Il Governo abbandona gli incentivi fiscali al lavoro straordinario, i quali, come riportato in una recente survey della Banca d’Italia, hanno determinato, in una fase recessiva, un prevedibile effetto negativo sull’occupazione (un’ampia fetta di imprese ha preferito allungare l’orario di lavoro fiscalmente agevolato ai lavoratori già occupati piuttosto che ricorrere ad assunzioni). Viene, invece, prorogata e potenziata (innalzando il tetto di retribuzione da 30.000 a 35.000 euro e l’ammontare massimo detassato da 3.000 a 6000 euro) la parziale detassazione dei premi di produttività. La misura in una fase di contrazione dell’attività economica è inutile, dato che, come noto, nelle fasi di recessione la produttività diminuisce poiché la diminuzione percentuale dell’occupazione è minore della riduzione del Pil. La misura sembra, quindi, finalizzata ad offrire, a costo zero per il bilancio pubblico, una sponda alla parte delle organizzazioni sindacali più disponibili nei confronti del Governo. L’assenza di effetti sostanziali sulla produttività non esclude la possibilità di pratiche elusive da parte delle imprese, le quali potrebbero ri-etichettare una parte della retribuzione tabellare come premio di risultato ed ottenere una riduzione del costo del lavoro.
L’intervento sulla CDP è potenzialmente di rilevante portata. Si estende la possibilità di utilizzo del risparmio postale per investimenti infrastrutturali. Non sono chiari eventuali riflessi sul Bilancio dello Stato e sul Patto di Stabilità Interno. In una prossima nota, si forniranno valutazioni puntuali.

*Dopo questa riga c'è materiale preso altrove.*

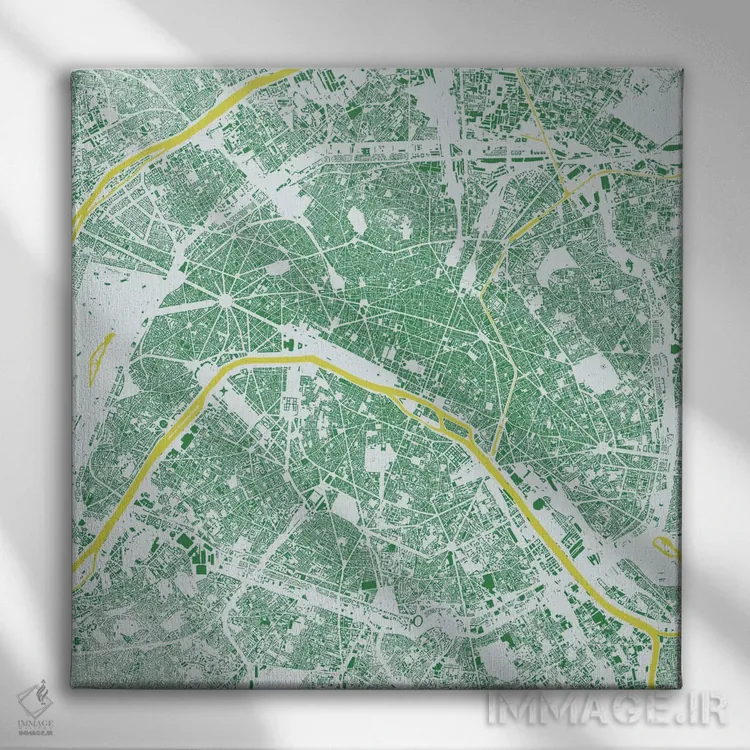 تابلو نقشه شهری پاریس (سبز) اثر اوربانمپ (نقشه شهری؛ استودیو نقشه یا طراح) - نمای روبهرو روی دیوار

Infine, le misure sul settore energia presentano significative criticità sulle quali torneremo in una successiva nota. In via preliminare, va segnalata la priorità data dal Governo all’ambito dell’energia elettrica, ossia l’ambito che, negli ultimi anni, è stato più investito da processi di liberalizzazione rispetto, ad esempio, al settore del gas.